[[ Working data open ]]

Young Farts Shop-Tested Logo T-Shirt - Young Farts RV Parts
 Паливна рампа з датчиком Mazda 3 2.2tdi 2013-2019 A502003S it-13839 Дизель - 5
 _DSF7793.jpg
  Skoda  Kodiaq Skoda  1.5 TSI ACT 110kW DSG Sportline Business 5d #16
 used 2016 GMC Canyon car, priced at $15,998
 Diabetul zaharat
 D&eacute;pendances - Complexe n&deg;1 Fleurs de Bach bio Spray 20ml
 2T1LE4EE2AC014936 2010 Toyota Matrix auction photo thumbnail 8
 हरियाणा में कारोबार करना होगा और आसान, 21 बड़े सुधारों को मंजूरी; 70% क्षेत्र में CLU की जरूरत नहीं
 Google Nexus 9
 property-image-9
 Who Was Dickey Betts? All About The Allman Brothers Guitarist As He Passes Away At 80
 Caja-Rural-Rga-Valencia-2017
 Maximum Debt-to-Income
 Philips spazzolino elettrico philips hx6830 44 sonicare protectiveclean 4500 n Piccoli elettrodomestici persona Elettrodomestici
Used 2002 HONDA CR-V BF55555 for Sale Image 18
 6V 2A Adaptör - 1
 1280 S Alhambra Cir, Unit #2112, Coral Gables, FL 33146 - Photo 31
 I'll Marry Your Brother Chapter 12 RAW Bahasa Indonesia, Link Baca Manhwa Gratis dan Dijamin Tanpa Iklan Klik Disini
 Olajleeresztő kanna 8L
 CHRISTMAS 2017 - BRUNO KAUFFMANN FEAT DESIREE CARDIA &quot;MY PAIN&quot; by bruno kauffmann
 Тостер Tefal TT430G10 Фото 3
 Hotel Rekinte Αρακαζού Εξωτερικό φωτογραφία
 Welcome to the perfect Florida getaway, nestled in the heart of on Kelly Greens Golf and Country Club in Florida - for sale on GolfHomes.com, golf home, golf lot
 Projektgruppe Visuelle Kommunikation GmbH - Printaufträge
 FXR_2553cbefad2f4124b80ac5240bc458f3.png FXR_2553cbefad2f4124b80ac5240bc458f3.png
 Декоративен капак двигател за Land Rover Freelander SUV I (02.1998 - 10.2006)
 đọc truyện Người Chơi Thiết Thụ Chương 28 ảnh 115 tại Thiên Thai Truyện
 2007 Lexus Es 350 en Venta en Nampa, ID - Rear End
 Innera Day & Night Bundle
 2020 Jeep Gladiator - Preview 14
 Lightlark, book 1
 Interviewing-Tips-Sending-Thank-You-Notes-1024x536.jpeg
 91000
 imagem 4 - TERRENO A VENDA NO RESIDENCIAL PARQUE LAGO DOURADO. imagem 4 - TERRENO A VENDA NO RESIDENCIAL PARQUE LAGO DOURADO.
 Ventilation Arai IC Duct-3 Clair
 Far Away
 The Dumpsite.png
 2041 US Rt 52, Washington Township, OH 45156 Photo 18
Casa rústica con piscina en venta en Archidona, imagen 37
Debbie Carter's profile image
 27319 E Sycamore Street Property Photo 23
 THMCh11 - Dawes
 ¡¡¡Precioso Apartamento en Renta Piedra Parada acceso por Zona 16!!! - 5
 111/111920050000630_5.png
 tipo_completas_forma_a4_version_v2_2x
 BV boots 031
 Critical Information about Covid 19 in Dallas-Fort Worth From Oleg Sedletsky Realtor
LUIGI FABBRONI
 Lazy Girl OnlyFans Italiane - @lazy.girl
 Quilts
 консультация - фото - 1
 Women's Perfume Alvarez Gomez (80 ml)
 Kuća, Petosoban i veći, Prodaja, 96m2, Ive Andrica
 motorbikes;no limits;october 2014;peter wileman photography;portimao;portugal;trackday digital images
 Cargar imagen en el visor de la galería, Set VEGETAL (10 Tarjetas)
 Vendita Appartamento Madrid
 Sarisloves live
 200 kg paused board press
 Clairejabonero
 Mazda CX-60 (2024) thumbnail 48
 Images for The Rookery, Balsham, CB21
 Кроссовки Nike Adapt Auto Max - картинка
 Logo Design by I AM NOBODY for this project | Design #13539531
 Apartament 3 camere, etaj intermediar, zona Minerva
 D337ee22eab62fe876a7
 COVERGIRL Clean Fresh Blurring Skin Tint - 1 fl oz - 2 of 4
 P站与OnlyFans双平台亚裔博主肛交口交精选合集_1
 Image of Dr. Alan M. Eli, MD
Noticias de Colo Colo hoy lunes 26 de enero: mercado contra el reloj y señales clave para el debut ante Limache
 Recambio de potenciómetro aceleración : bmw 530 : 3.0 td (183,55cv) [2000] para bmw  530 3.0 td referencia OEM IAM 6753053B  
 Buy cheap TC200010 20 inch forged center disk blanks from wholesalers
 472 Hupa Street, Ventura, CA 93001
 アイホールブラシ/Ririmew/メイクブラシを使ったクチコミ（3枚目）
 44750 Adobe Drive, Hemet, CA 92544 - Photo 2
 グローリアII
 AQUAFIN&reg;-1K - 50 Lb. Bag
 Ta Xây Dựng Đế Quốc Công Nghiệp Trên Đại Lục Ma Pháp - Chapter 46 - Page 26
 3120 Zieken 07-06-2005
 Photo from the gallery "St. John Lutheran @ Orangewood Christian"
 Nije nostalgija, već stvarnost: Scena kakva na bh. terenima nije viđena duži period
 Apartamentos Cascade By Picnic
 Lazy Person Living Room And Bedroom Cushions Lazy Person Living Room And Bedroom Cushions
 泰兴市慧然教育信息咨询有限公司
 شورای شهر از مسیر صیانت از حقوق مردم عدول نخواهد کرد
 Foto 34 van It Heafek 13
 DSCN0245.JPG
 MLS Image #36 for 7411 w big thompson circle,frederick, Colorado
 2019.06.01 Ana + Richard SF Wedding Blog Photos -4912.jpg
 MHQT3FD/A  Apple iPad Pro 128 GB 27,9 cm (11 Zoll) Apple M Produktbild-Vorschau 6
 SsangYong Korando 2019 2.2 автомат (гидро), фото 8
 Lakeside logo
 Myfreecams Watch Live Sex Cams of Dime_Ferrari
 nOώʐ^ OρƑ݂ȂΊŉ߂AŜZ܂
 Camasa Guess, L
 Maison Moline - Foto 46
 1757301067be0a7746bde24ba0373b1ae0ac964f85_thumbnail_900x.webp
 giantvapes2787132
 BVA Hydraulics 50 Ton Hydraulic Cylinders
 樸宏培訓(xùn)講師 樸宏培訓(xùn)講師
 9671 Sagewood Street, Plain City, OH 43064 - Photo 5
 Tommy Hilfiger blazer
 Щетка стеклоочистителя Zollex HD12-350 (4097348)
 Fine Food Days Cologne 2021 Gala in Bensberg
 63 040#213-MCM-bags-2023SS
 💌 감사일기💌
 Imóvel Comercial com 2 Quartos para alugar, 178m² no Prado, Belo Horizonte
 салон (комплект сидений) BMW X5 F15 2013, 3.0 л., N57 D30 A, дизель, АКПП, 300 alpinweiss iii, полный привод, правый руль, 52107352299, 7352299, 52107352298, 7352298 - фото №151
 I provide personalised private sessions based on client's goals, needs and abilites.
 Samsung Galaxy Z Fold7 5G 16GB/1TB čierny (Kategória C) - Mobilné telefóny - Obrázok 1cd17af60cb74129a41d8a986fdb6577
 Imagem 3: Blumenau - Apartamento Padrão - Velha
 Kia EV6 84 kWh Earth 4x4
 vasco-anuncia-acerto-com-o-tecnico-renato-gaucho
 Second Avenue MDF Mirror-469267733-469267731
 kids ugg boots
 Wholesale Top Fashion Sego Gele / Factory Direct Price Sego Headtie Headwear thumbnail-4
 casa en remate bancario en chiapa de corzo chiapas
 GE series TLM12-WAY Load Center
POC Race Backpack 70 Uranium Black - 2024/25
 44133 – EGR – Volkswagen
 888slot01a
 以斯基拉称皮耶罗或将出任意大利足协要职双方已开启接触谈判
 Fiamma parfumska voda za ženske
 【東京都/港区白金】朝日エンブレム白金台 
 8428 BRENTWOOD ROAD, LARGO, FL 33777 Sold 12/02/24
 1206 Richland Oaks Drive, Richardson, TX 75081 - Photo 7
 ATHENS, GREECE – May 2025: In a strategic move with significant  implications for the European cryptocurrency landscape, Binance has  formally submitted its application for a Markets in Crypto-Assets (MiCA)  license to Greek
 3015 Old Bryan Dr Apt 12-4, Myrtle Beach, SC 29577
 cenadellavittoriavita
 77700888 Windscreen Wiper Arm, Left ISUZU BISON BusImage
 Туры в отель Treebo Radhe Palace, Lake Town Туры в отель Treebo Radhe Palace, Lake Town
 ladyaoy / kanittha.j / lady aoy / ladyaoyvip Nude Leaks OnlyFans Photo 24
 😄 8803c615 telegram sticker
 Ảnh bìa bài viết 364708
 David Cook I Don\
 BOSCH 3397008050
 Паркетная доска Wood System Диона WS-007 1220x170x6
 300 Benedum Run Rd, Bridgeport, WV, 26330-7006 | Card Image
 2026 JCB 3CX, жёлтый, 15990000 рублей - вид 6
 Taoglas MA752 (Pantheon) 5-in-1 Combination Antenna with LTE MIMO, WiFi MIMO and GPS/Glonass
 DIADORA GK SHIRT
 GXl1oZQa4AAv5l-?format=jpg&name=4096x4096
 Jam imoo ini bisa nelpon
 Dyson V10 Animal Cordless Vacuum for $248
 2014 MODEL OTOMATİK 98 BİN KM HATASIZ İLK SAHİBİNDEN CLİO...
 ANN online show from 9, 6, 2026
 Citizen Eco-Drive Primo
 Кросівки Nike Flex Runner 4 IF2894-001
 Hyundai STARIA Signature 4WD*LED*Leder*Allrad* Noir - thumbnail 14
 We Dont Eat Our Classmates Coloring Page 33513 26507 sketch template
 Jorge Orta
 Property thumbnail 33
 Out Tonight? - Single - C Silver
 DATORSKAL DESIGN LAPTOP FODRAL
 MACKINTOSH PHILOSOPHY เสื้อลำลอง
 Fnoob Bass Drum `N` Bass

[[ Working data closed ]]

▶ Task: If a line in the records above holds the string "with", copy it.

▶ Answer box:
 ATHENS, GREECE – May 2025: In a strategic move with significant  implications for the European cryptocurrency landscape, Binance has  formally submitted its application for a Markets in Crypto-Assets (MiCA)  license to Greek
 Taoglas MA752 (Pantheon) 5-in-1 Combination Antenna with LTE MIMO, WiFi MIMO and GPS/Glonass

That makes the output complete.